Monday, June 27, 2005

The Tribune wants to know what you think about Scribner Place.

In Friday’s Tribune, Managing Editor Chris Morris asks the newspaper’s readers to let him know what they think about the Scribner Place project.

He promises to anthologize responses on the editorial page, and closes with a commendably sly fait accompli: “Scribner Place is a huge part of our downtown’s future, and we want to know what you think.”

As a regular reader of NA Confidential, you really should drop Chris a line and provide him with your viewpoint on the issues surrounding the Scribner Place project.

You should do so even if your stance differs from mine.

Whether you agree or disagree, I’m confident that NAC’s regular readership will approach this hotly debated topic with confidence, literacy, style and a good command of the material.

Most of you embrace a progressive, future-oriented perspective, and the very existence of such a readership in a city so often denigrated as backward even by its own obstructionist citizenry helps to illustrate the point that there is hope for New Albany if only we learn to live and work more intelligently.

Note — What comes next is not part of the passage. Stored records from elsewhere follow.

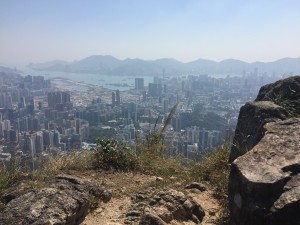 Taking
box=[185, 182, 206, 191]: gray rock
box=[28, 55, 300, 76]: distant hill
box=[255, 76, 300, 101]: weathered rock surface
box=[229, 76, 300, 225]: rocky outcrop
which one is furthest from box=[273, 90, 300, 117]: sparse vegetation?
box=[28, 55, 300, 76]: distant hill

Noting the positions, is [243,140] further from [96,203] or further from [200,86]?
[200,86]

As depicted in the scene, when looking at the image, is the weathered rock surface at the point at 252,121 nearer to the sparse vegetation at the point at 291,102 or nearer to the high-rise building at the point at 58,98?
the sparse vegetation at the point at 291,102

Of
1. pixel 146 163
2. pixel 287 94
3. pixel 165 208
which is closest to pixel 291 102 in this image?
pixel 287 94

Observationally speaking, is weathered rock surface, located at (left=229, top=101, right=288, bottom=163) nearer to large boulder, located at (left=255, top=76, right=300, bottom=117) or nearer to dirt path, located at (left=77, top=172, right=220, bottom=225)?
large boulder, located at (left=255, top=76, right=300, bottom=117)

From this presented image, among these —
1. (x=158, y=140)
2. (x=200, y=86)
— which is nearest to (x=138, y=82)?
(x=200, y=86)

Emphatically, the word “intelligently” in this sense is not meant to imply heightened IQ, excessive book learning, incessant pointy-headedness or any other of the populist’s bugaboos.

Rather, the word refers to what we trust will be a new beginning in the life and times of New Albany, one that looks forward, not behind.

The Scribner Place project itself symbolizes a willingness, albeit sometimes tentative and uncertain, to harness the resources of New Albany as intelligently as possible so as to provide a destination that will spur investment in the city’s moribund downtown district, and accordingly, to provide benefits to all the city’s residents, not just the few.

That’s why we support Scribner Place.